Mr Helmes said one of the reasons for this was the disengagement of super fund members, which is particularly the case with younger members.

“However, as members get older and the balance starts to pick up and they have more in their super, they start to think about it a lot more,” he added.

Younger members said mobile apps and a website login could increase their engagement with funds, the report found.

The main reasons for members to switch funds are a change of job or based on advice, otherwise they generally stay in the same fund unless they become dissatisfied, according to the report.

Mr Helmes said awareness was one of the main challenges with MySuper products given that two thirds of the members asked about MySuper were unaware of what it is.

However, once it was explained that MySuper was a cheap default option with low fees, a majority supported its introduction.
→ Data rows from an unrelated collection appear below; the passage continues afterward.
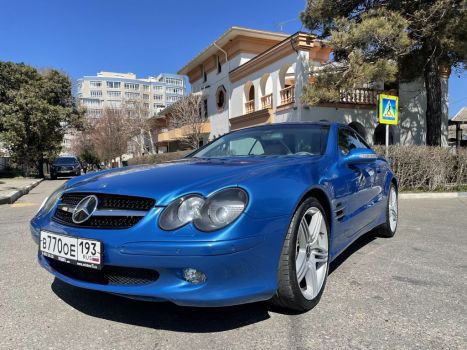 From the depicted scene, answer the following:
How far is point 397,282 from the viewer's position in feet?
11.3

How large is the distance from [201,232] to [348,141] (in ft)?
8.54

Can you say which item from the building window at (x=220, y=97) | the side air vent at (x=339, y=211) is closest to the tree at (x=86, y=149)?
the building window at (x=220, y=97)

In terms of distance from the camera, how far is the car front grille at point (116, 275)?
7.57ft

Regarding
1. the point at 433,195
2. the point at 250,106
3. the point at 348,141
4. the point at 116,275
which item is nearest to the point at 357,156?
the point at 348,141

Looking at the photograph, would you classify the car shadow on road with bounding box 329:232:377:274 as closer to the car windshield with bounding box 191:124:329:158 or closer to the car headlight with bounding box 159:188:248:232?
the car windshield with bounding box 191:124:329:158

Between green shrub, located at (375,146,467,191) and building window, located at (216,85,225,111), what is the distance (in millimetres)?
17017

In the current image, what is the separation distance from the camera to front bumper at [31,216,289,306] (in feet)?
7.02

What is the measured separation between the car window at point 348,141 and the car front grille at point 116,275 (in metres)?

As a result of members simply choosing their employer’s default fund rather than making an active decision, the main opportunity for MySuper funds is to become an employer default fund as these MySuper funds will get a larger proportion of the new entrants, the report stated.

Auto-consolidation [of funds] could pose a challenge for funds in general as the research indicated some funds are likely to lose five to 10 per cent of their accounts from auto-consolidation.

“Again, this links in with engagement because there are a lot of inactive funds out there and quite a lot of members have multiple super funds and are actually unaware of it. The fact that these inactive funds could be consolidated does pose a challenge for a lot of the super funds out there,” Mr Helmes said.